• _Task requirements_
Among the records below, find the line with "And so that" and the line with "Welcome to my". Set down both and every line between, exactly and with no pictures, but nothing else.

• _Supplied records_
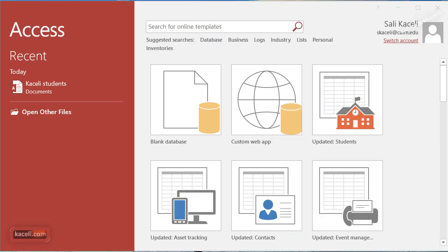In this session we are going to create a database from scratch and we are going to learn about some of the various components of Microsoft Access 2016 so we can understand how the application works and where the different components are.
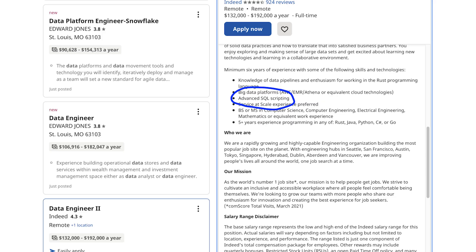The first one won't surprise you, especially if you've read my post on Quora. Every single listing had SQL on it. So the most important skill you're going to need as a data engineer is SQL — it's number one.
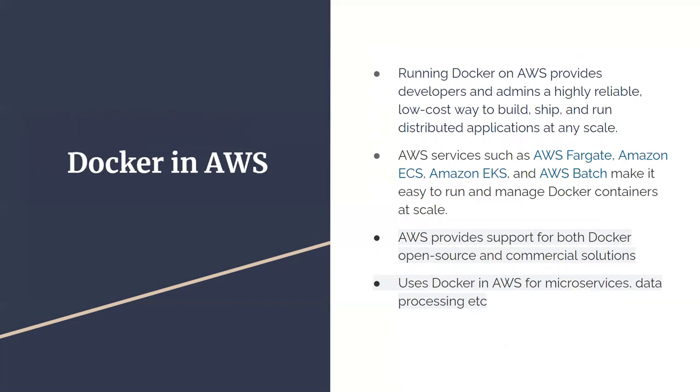Docker in AWS - that's our main concern. We know Docker is really good, it's cool, it's awesome. So how do we run it on AWS? Docker can be done on AWS using AWS Fargate, Amazon ECS, Amazon EKS, and AWS Batch, and they make it very easy to run Docker containers at scale. It provides support for both Docker open source and commercial solutions for microservices, data processing, etc. AWS supports Fargate, ECS, EKS and Batch as Docker container services.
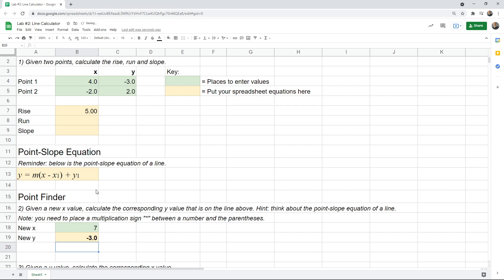And so that calculates it. Now, this is not going to be what you get when you do the problem. When you do the problem, you have an actual slope here. Right now, since it's empty, it's thinking that the slope is 0.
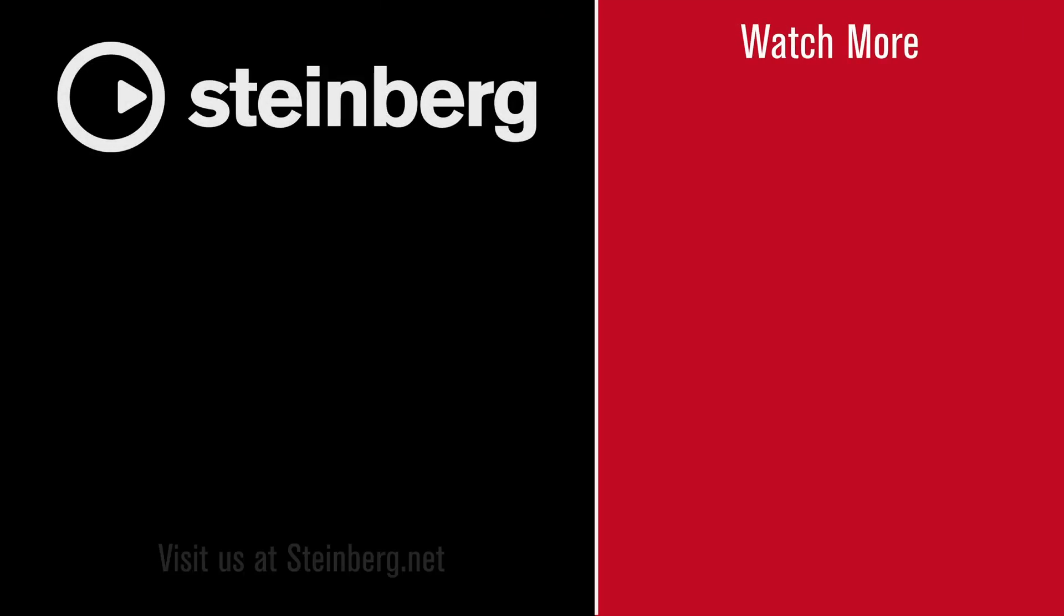We hope you enjoyed this video and thanks for watching. Spectralayers Pro 7 delivers audio empowerment. If you found this video helpful, please hit the like button and subscribe to the Steinberg channel. Thank you for joining us.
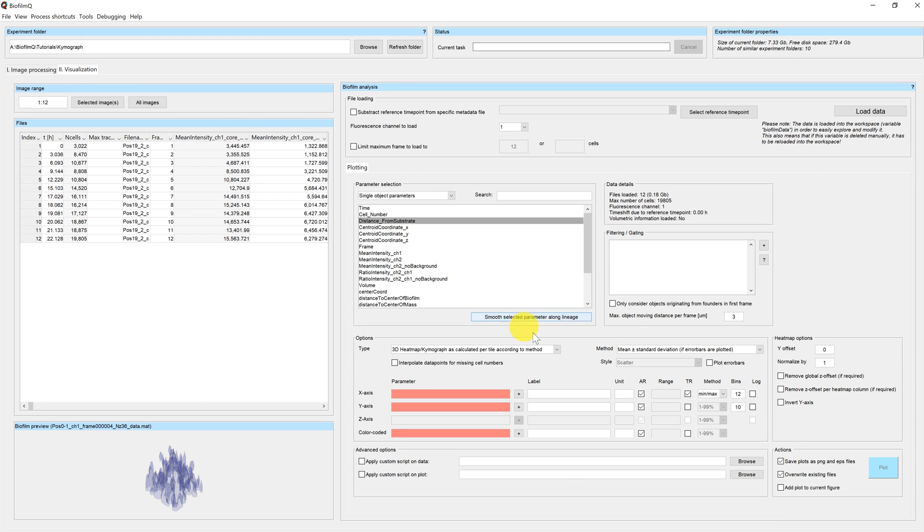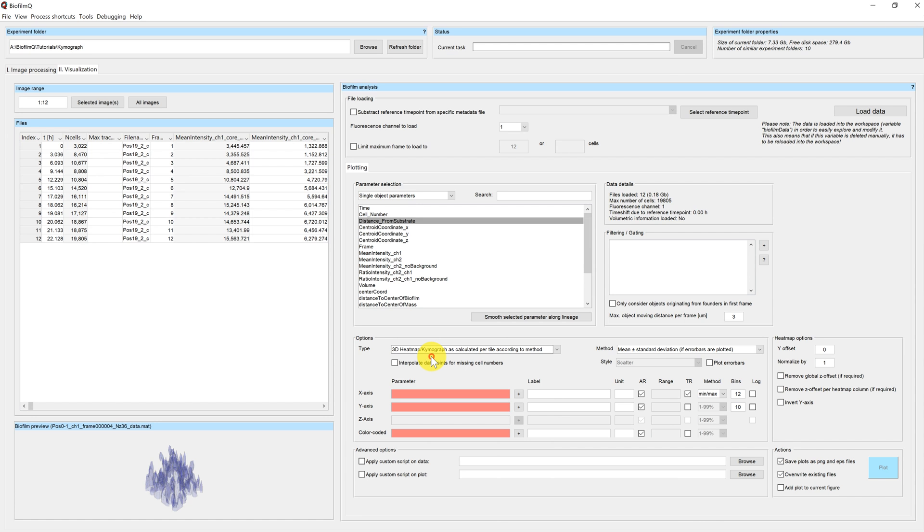We can do so by selecting the plot type 3D heatmap kymograph. And when you do so you will see that the heatmap options over here become active.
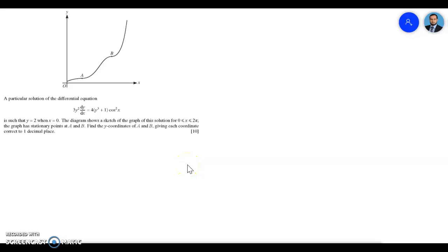Welcome to my YouTube channel. In this video we're going to look at one question for differential equations where we have a differential equation, the initial conditions are given, and the diagram shows a sketch of the graph of the solution for x between 0 and 3π/2. The graph has stationary points at A and B, and we need to find the y-coordinates of A and B, giving each coordinate correct to one decimal place.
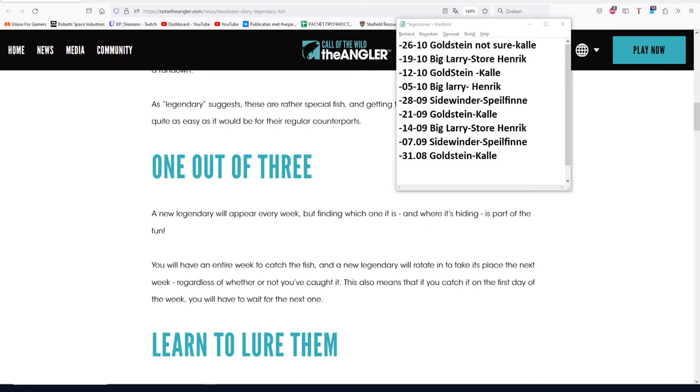Hello guys, KPShamino here with a new video for Call of the Wild: The Angler. In this video I'm going to talk about the legendary rotation or the spawn of the legendary, because there is so much conflicting information going around.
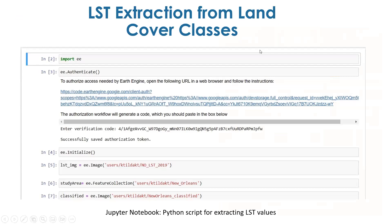For extraction of land surface temperature from the land cover classes, I used a Python script with the geemap package developed by Qiusheng Wu. On the Jupyter Notebook platform, I imported the Earth Engine API, authenticated with my login credentials, then imported the Landsat image, the classified image, and the study area to finally extract the land surface temperature values for each land cover class.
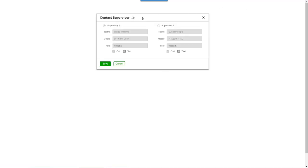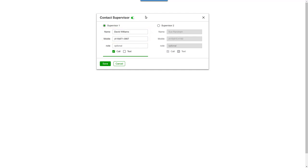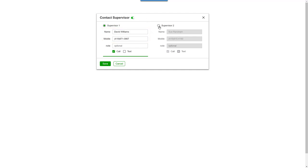There, you can instantly turn on the feature. Plus, you can enter the supervisor's name and phone number. Or, if you'd like, two supervisors' contact information, which can be convenient, for example, when one supervisor checks out for the night and you want another person to start taking calls.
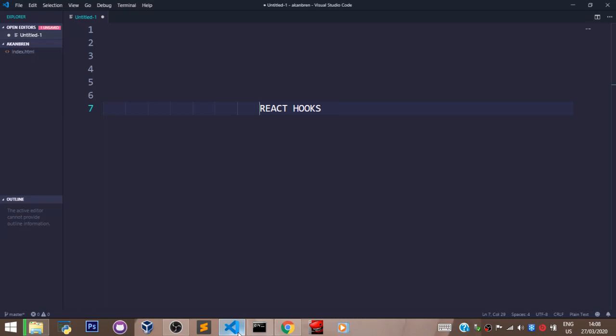Before Hooks in React, it was only possible to define and set state in a class-based component. But Hooks changed that and made it possible to define and set state in a functional component.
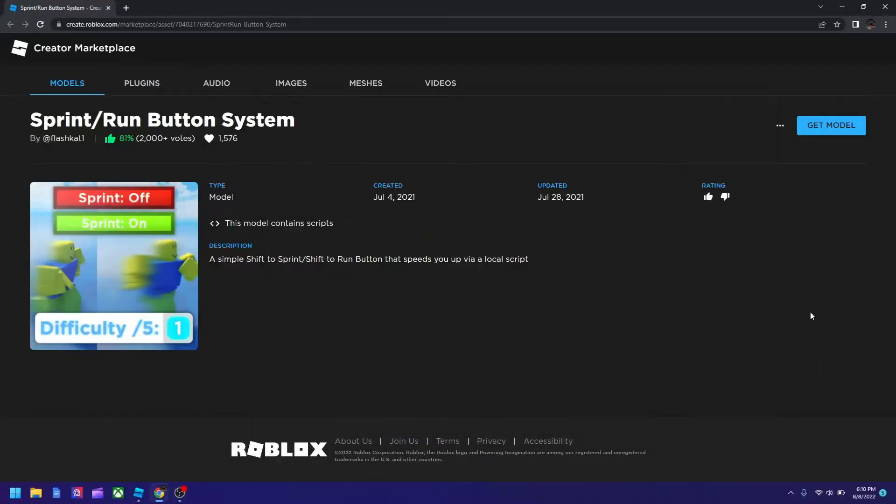Okay guys, RobloxianLegend is back with another video. So in this tutorial, I'll be talking about how to add a sprint button to your Roblox game.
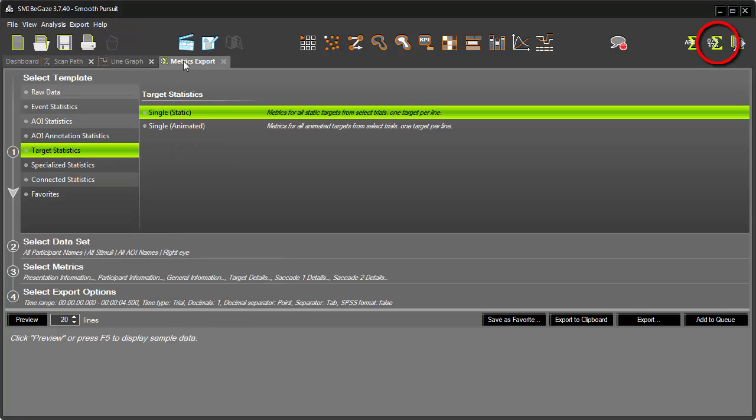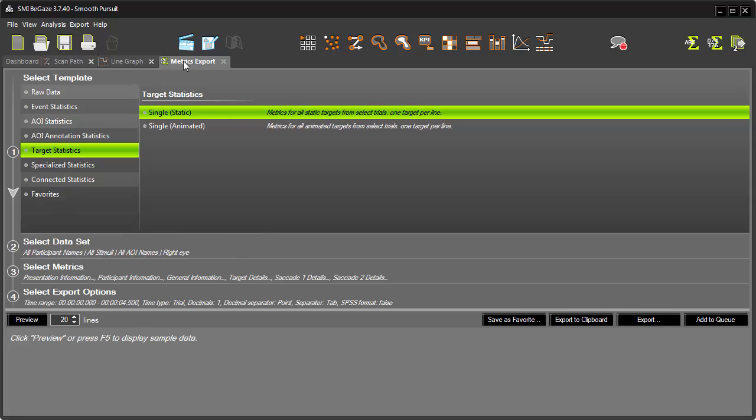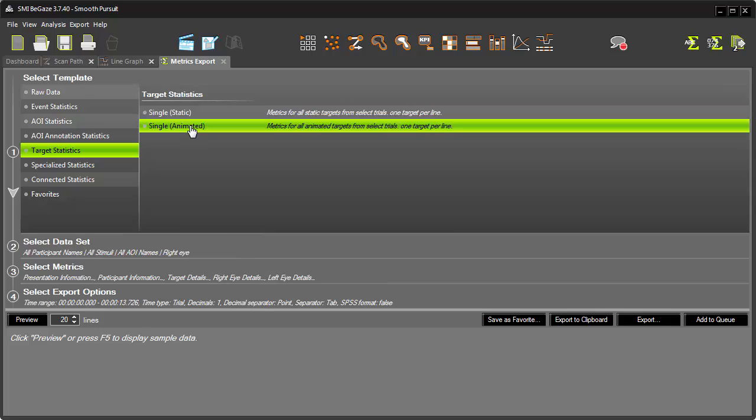For a quantitative analysis, we'll turn to Metrics Export. Metrics Export includes a target statistics template, ideal for analyzing saccadic and smooth pursuit experiments. You can choose either a static or animated template for a single participant, according to the type of target used for your experiment. In keeping with our smooth pursuit experiment, I'll select the Animated template.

• _Written answer_
And so that calculates it. Now, this is not going to be what you get when you do the problem. When you do the problem, you have an actual slope here. Right now, since it's empty, it's thinking that the slope is 0.
We hope you enjoyed this video and thanks for watching. Spectralayers Pro 7 delivers audio empowerment. If you found this video helpful, please hit the like button and subscribe to the Steinberg channel. Thank you for joining us.
We can do so by selecting the plot type 3D heatmap kymograph. And when you do so you will see that the heatmap options over here become active.
Welcome to my YouTube channel. In this video we're going to look at one question for differential equations where we have a differential equation, the initial conditions are given, and the diagram shows a sketch of the graph of the solution for x between 0 and 3π/2. The graph has stationary points at A and B, and we need to find the y-coordinates of A and B, giving each coordinate correct to one decimal place.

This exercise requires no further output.